In order to register, students will have to undergo an interview with the person academically in charge of the Master Degree. Thus, the students' program can be individually established, as well as the academic curriculum, regarding the previous certified formation of each student.
Specialty and tutor
At the beginning of the Master Degree, alumni will choose a specialty to follow. The person in charge of academic matters will designate a tutor to each alumna for individual follow-ups during their Master Degree.
Permanence in the M.Sc. program
The M.Sc. program should be finalized within 3 years for full-time students and 6 years for part-time students. Students should decide on their status (part-time or full-time) at the time of registration.
Documentation to formalize the registration
- Photocopy of your passport
- Curriculum vitae
Original and photocopy (or certified copy) of the degree that gives you access to the Master Degree, or a receipt stating that you have paid the fees for the expedition of the degree, together with the program of the studies.
Original and photocopy (or certified copy) of a student record reflecting the subjects studied and the grades and number of credits/hour for each of them. It should also include a total mean of the grades.
Should the student have any formation regarding the areas of knowledge of the Master Degree that is different from the one that gave them access to the Master Degree, they should present the certified documentation (original and photocopy or certified copy).
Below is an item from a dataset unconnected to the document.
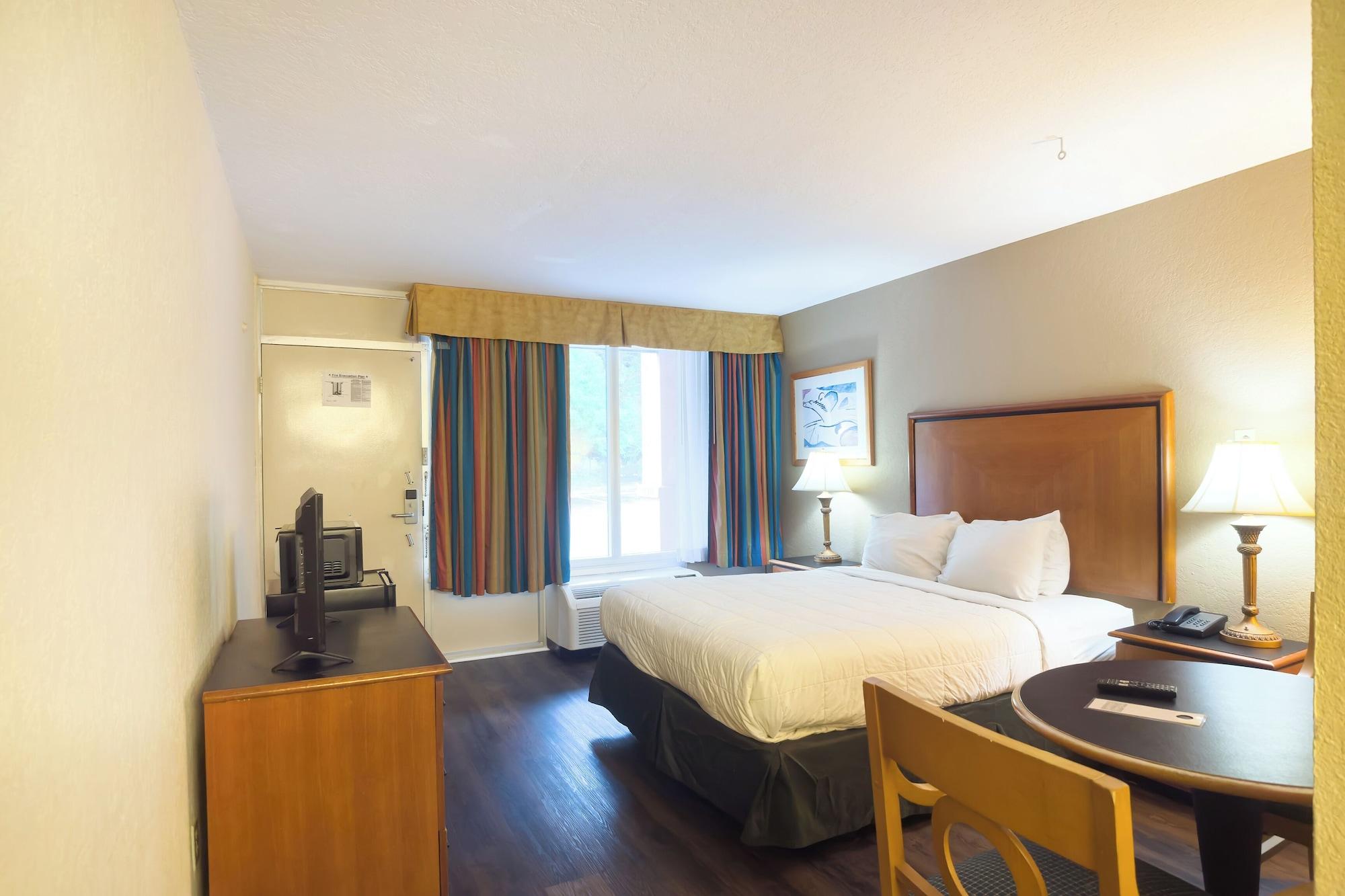 غرفة بسرير كينج، OYO Hotel Harriman near I-40 2/6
Important: All documents issued in non EU countries should be authenticated through diplomatic channels or by the corresponding apostille.
Resources, equipment and services
- Teaching rooms equipped with a videoprojector, PC and Internet.
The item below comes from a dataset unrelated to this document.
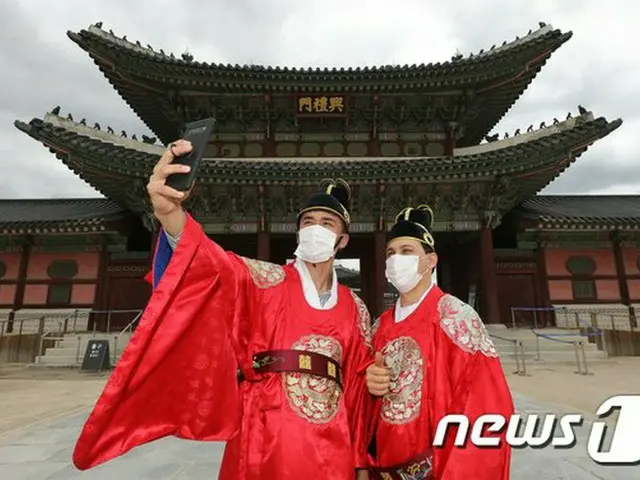 韓国政府の防疫強化措置が緩和され開館されたソウルの景福宮で、外国人観光客たちが記念撮影をしている（提供:news1）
- Computer equipment and rooms from the department and the School of Civil Engineering of Barcelona (ETSECCPB).
- General computer programs and specific calculation programs.
- Services and utilities from the University's Rector Gabriel Ferrater Library (http://bibliotecnica.upc.es).
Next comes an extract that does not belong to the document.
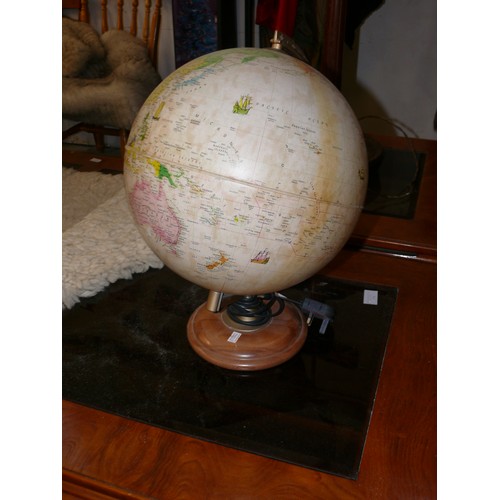 51 - VINTAGE LIGHT UP GLOBE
- 4x4 vehicle, property of the department, for field trips.
- Depending on the space available, students will be given a place to work within the department with Internet access.
- Free wi-fi throughout the UPC campus for all students.
- Laboratory of Soil and Rock Mechanics for teaching and research purposes.
System to guarantee the quality of the program
The academic comission of the program is responsible of guaranteeing the quality of all activities related to the program, both administrative and academic. The system of guarantee of the quality of the program is based on the following systems or mechanisms:
Student poll system
Satisfaction surveys are handed periodically to the students, the results of which are used by the academic commission of the program to make the necessary improvements.
The results of these surveys can be consulted here.
Evaluation and student tutoring system
All the information of the M.Sc. degree is published in the present web site, which also includes links to the different tools the UPC has to offer information and advice to the students.
Among them are:
- Statistical data UPC: La UPC en xifres
- Agència per a la Qualitat del Sistema Universitari de Catalunya (AQU): Indicadors docents per al l'anàlisi titulacions
- Atenea: Virtual campus of the subjects
- E-secretaria: Tool to check academic records, grades, inscription status…
- Biblioteca: Access to the resources of the UPC library
Analysis and decision making system
The academic commission of the program watches over the monitoring and analysis of the documentation and information produced by the UPC quality systems. It also monitors the mechanisms used to control these quality systems, so as to offer advice to the unit responsible of the program on how to improve it.